Saturday, April 27, 2019

Not Unreasonable

I love the Fourth Amendment to the Constitution as much or more than the average person (as shown by my many past posts about it), but the recent Sixth Circuit Court of Appeals decision on tire chalking is ridiculous.

Cops have been chalking tires since cars have been parked in the public right-of-way in time-limited areas. Yes, in this age of cameras there are other ways cops can manage this, but all of them are more intrusive and surveillance-oriented than chalk.

No, putting chalk on a tire is not a search or a seizure, let alone an unreasonable one. The car, though private property, has been left not only in a public place but on public property. I and the police can touch that car to our heart's content as long as we do not damage it. Chalk does not damage it. If it were in the owner's back yard, it would be different, but it's not.

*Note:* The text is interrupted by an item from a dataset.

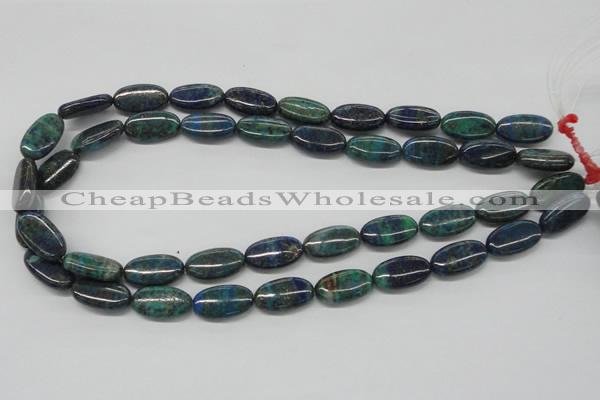 CCS60 16 inches 10*20mm oval dyed chrysocolla gemstone beads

The logic that appears to underlie this appellate decision (that the two-hour limit was not a matter of public safety but only a way of raising revenue) is pretty clueless. Those are not the only two choices from a public policy perspective: time-limiting parking means more people get to use the parking and have access to nearby stores, which is good for those businesses. That's the point of meters: to fairly share a limited resource (parking spaces that are nearby). Sounds like a compelling state or city interest to me.

Each car takes up 160 square feet. If every car got 160 square feet to use as long as its driver wanted, there would soon be no buildings left for the drivers to visit once they left their cars. The members of this court need a lesson from Donald Shoup on the high cost of free parking.